→ Exercise instructions: In the data below, find the line containing "new 2025 Jeep" and the line containing "Used 2025 Ford F150 Lightning Lariat image 9", then reproduce them and every line between, exactly. Omit pictures.

→ Data for this task:
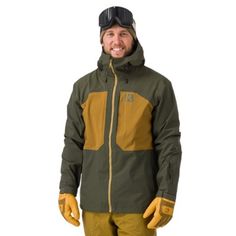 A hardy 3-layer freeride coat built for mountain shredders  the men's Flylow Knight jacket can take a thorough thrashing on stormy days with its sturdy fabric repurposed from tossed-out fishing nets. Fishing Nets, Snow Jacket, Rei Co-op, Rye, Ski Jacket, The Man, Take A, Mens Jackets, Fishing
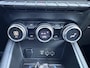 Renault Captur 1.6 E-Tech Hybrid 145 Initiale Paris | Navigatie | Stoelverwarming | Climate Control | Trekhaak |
* * *
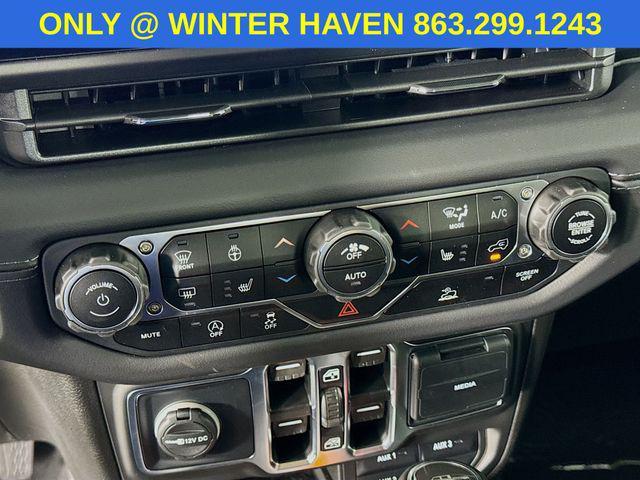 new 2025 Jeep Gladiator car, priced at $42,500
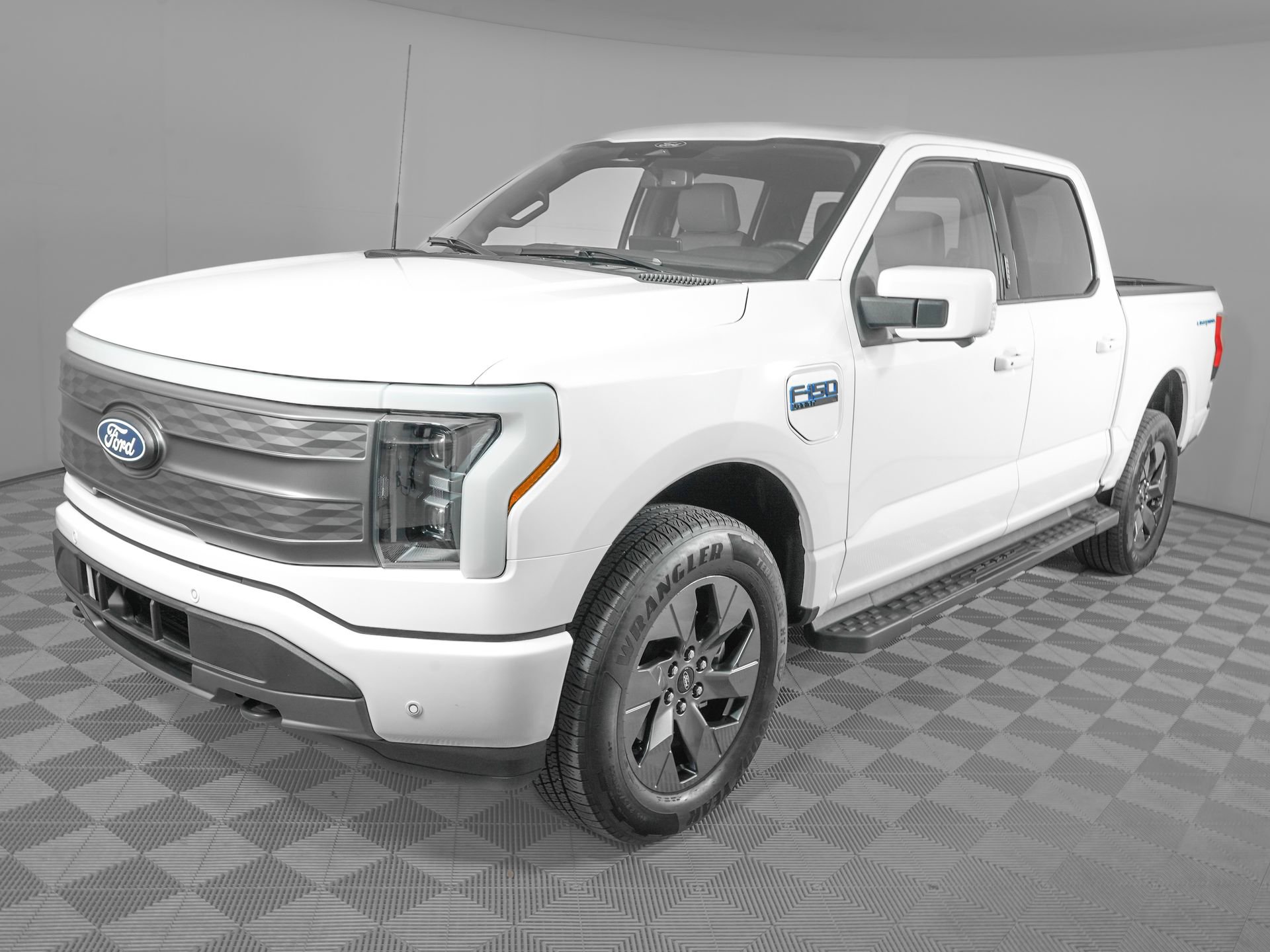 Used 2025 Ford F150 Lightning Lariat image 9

→ Result for this task:
 new 2025 Jeep Gladiator car, priced at $42,500
 Used 2025 Ford F150 Lightning Lariat image 9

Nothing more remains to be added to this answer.